Exercise instructions
Without copying any pictures, restate exactly the lines from the start of the records through the line containing "Exclusive Luxury Apartement".

Excerpts from a dataset
+++++
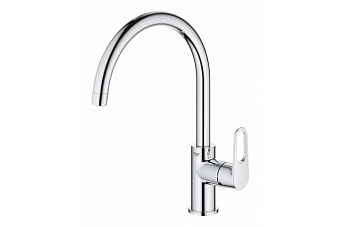 Смеситель для кухни GROHE BauFlow 31230001 высокий излив хром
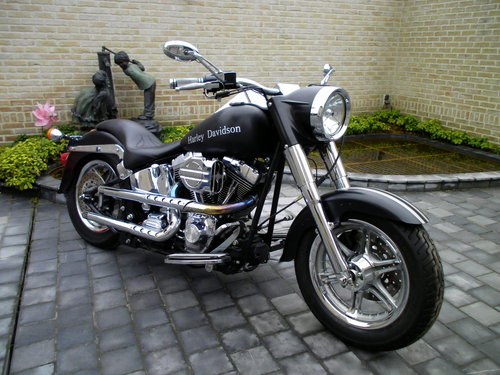 2004 Harley Fat boy For sale or to exchange For Sale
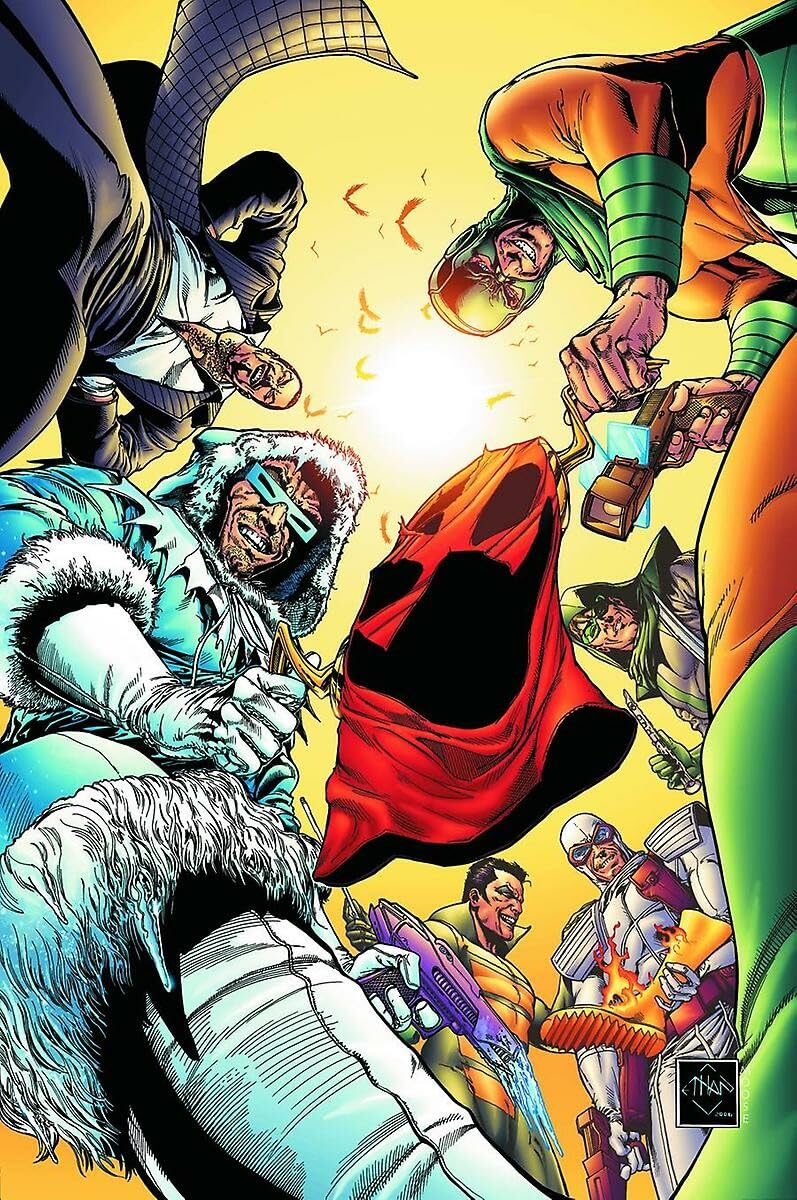 The Flash vs. The Rogues (DC Comics)
The Flash vs. The Rogues (DC Comics)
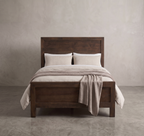 Oliver Panel Double Bed
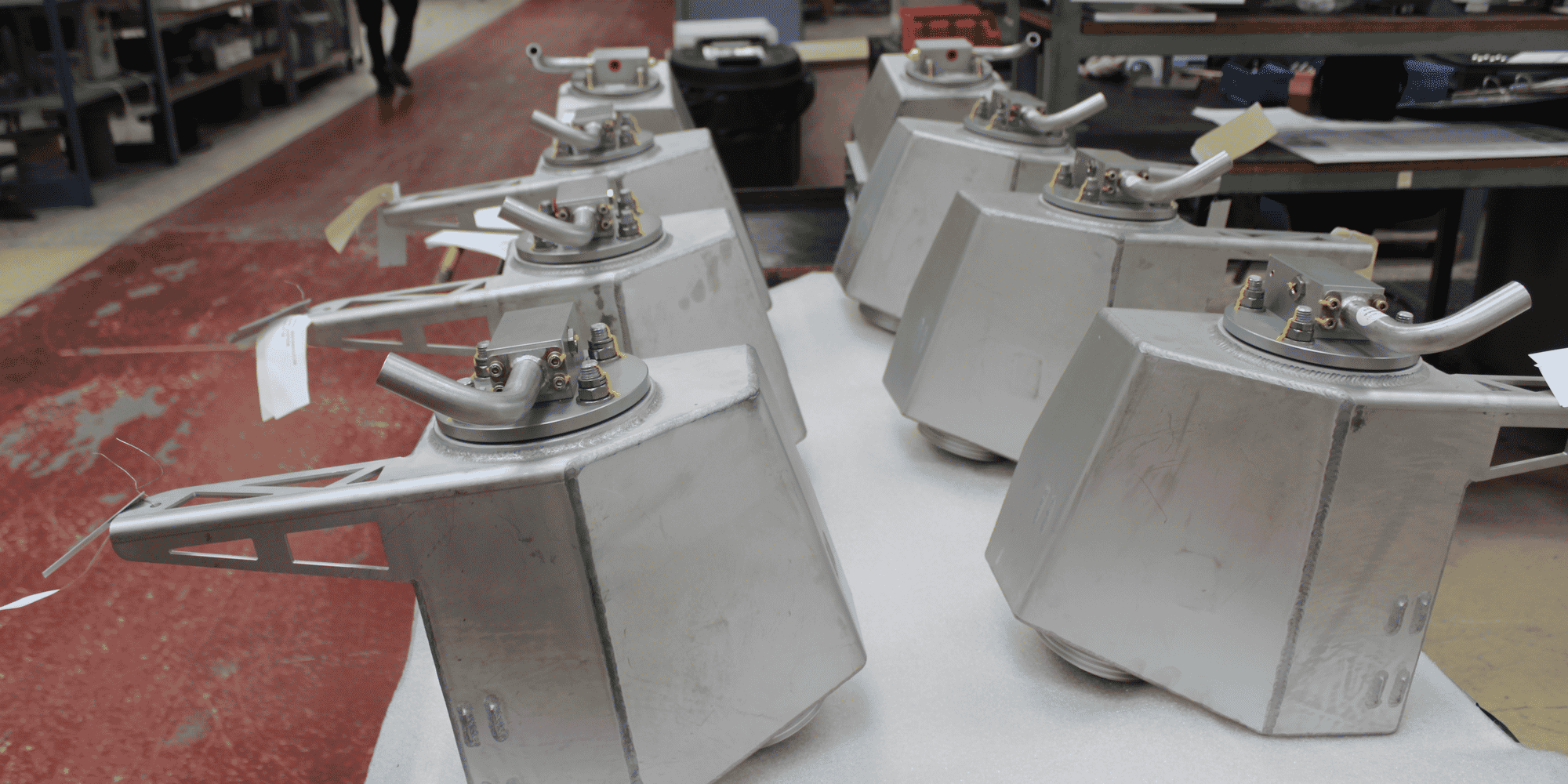 Reconnues depuis des années pour ses équipements ferroviaires, Forges de Belles Ondes se lance dans la robotique.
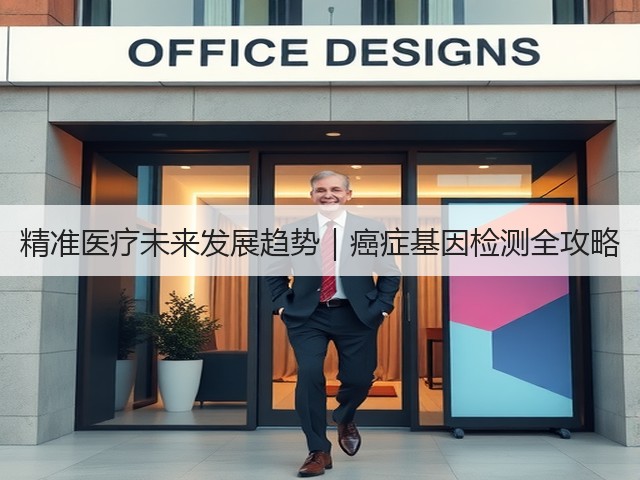 精准医疗未来发展趋势|癌症基因检测全攻略(图1) 精准医疗未来发展趋势|癌症基因检测全攻略(图1)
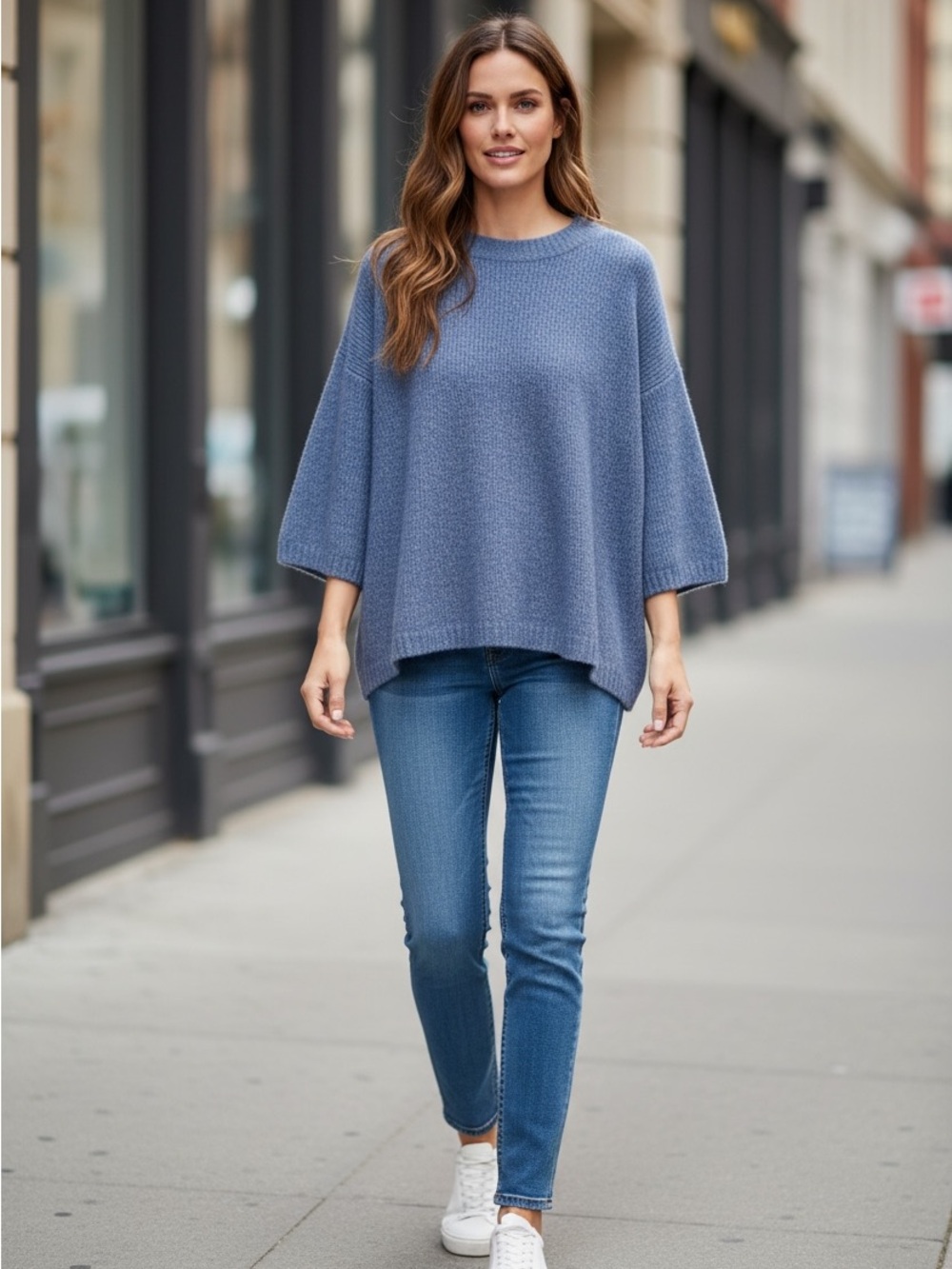Wild Fable Relaxed Oversized Knit Women’s Sweater Sz S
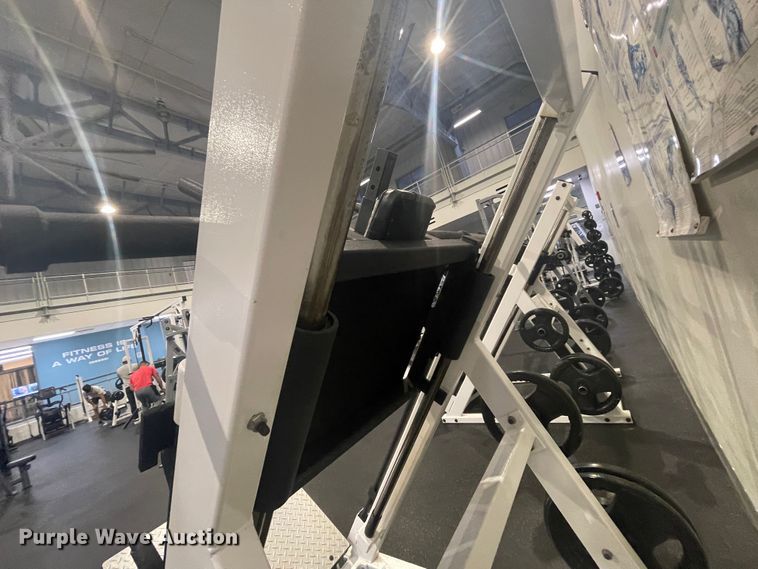 image for item IX9745 Hack squat machine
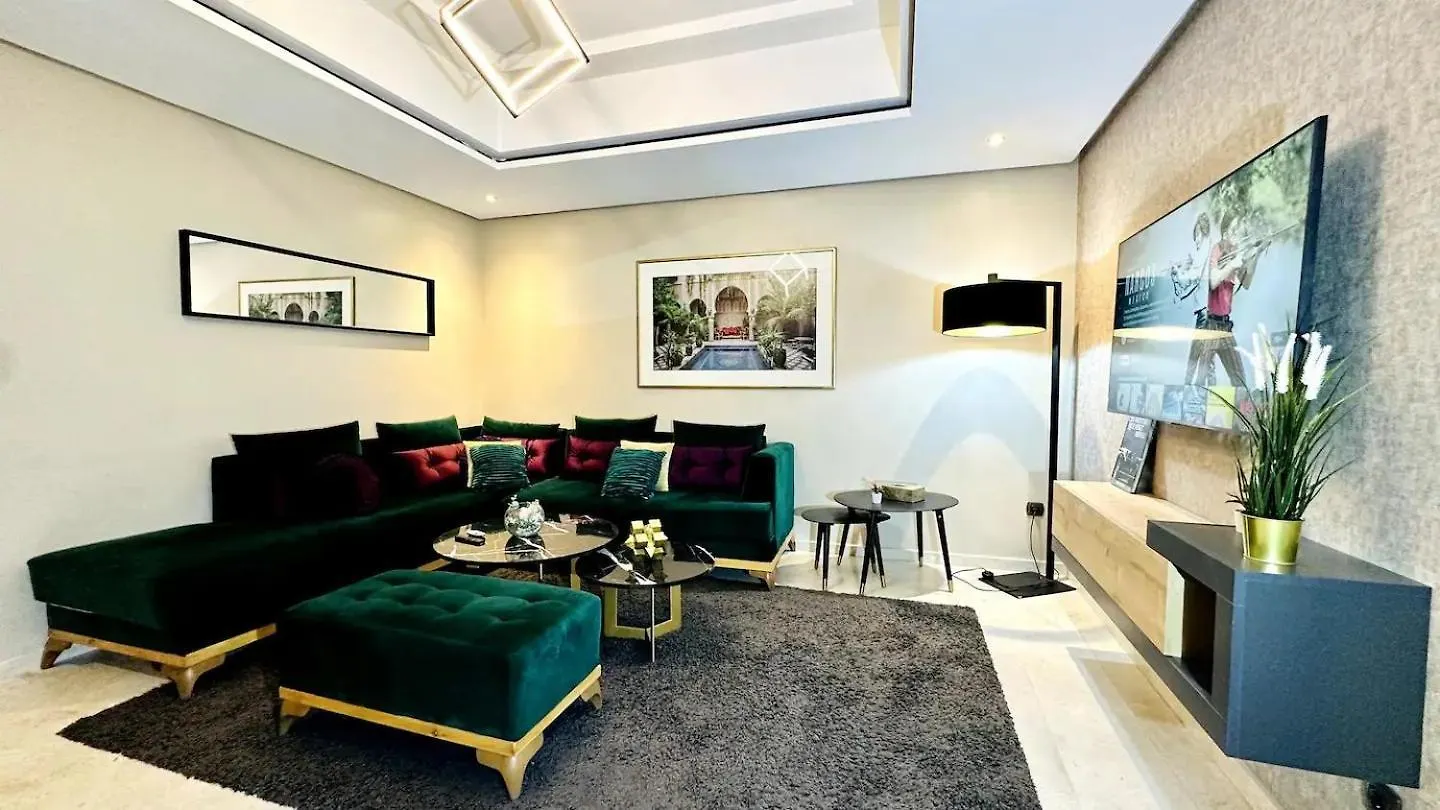 Exclusive Luxury Apartement In Central Gueliz Marrakesh Apartment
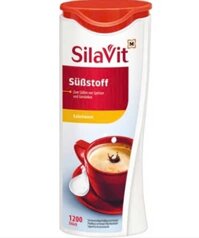 Đường ăn kiêng Silavit 1200 viên 72g – hộp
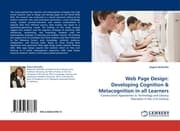 Cover von Web Page Design: Developing Cognition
+++++
Exercise solution
 Смеситель для кухни GROHE BauFlow 31230001 высокий излив хром
 2004 Harley Fat boy For sale or to exchange For Sale
 The Flash vs. The Rogues (DC Comics)
The Flash vs. The Rogues (DC Comics)
 Oliver Panel Double Bed
 Reconnues depuis des années pour ses équipements ferroviaires, Forges de Belles Ondes se lance dans la robotique.
 精准医疗未来发展趋势|癌症基因检测全攻略(图1) 精准医疗未来发展趋势|癌症基因检测全攻略(图1)
Wild Fable Relaxed Oversized Knit Women’s Sweater Sz S
 image for item IX9745 Hack squat machine
 Exclusive Luxury Apartement In Central Gueliz Marrakesh Apartment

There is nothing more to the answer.